Вечер давит своей неподвижностью. После ужина, чтобы не видеть ламп, окружённых москитами и коричневыми ночными бабочками с мефистофельскими усиками, похожих на маленьких сфинксов с птичьими глазами, дядя Поль со своим гостем и Минна с Антуаном уходят на террасу.
От огня в кухонном очаге и от лампы в столовой в сад устремляются два острых пучка оранжевого света. Цикады кричат, как днём, и дом, вобравший солнечные лучи всеми порами своих серых камней, останется горячим до полуночи.
Минна и Антуан сидят, свесив ноги, на низкой стене террасы и не говорят ни слова. Антуан пытается разглядеть в темноте глаза Минны; но вокруг непроницаемая ночь… Ему жарко, неуютно в собственной шкуре, и он терпеливо переносит эти слишком привычные ощущения.

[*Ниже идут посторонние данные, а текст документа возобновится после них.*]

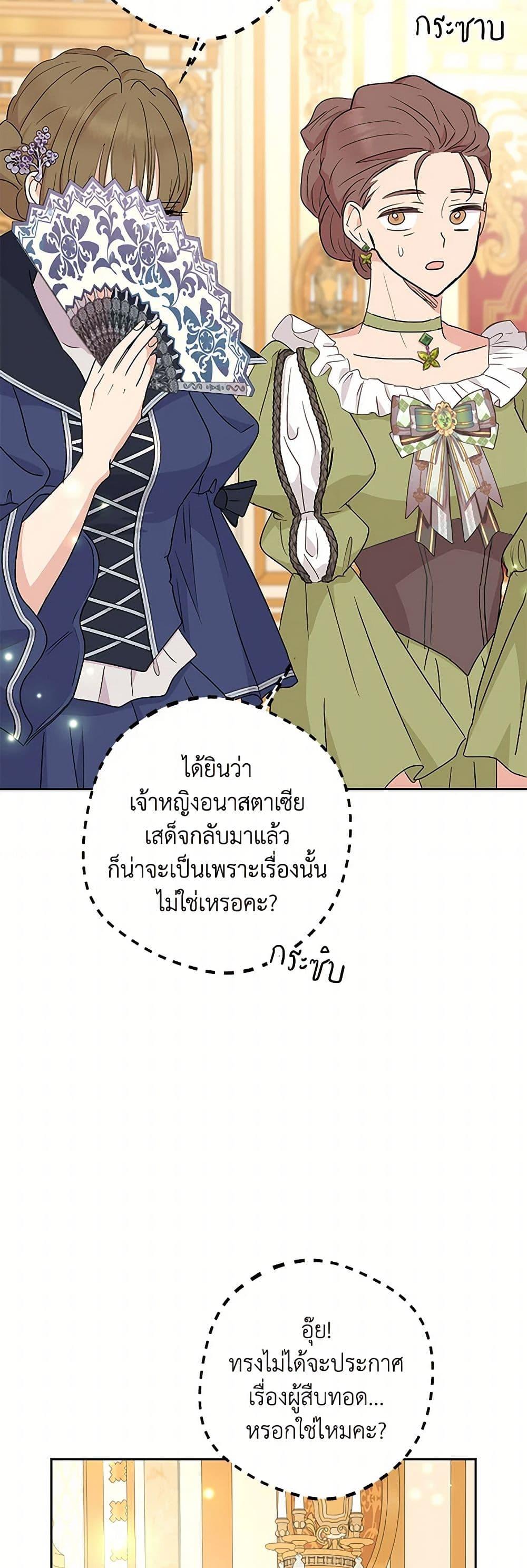 Manga-lc-com อ่านมังงะ อ่านการ์ตูน ออนไลน์ ฟรี Surviving as an Illegitimate Princess ตอนที่ 1 2 3 4 5 6 7 8 9 10 11 12 13 14 ฟรี ไม่มีโฆษณา Manga-lc - อ่าน มังงะ อ่าน การ์ตูน ออนไลน์ อ่านมังงะ ฟรี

Минна смотрит, не шевелясь, прямо перед собой. Она вслушивается в шаги Ночи, легко ступающей по песчаным дорожкам и порождающей устрашающие силуэты во тьме. И Минна вздрагивает от вожделения. Эти тяжко-спокойные часы переполняют её нетерпением; вглядываясь в безмятежную красоту сада, она взывает к возлюбленному Племени, которое повелевает её грёзами…
Изнуряющая ночь, когда руки жаждут прикоснуться к холодному камню! На укреплениях она дышит лихорадочным возбуждением и убийством, её прорезает пронзительный посвист… Минна резко поворачивается к своему кузену:
– Свистни, Антуан!
– Как это?
– Свистни во всю силу, так громко, как можешь… Громче! Ещё громче! Хватит! Ты не умеешь!
Сжав руки, она хрустит всеми пальцами и зевает прямо в небо, словно кошка.
– Который час? Этот папаша Люзо ещё не собирается уходить?
– Нет, отчего же! Ещё не поздно. Ты хочешь спать? Презрительная гримаса: я – спать?!
– Этот старик меня раздражает!
– Тебя все раздражают! Он славный человек, немножко болтун…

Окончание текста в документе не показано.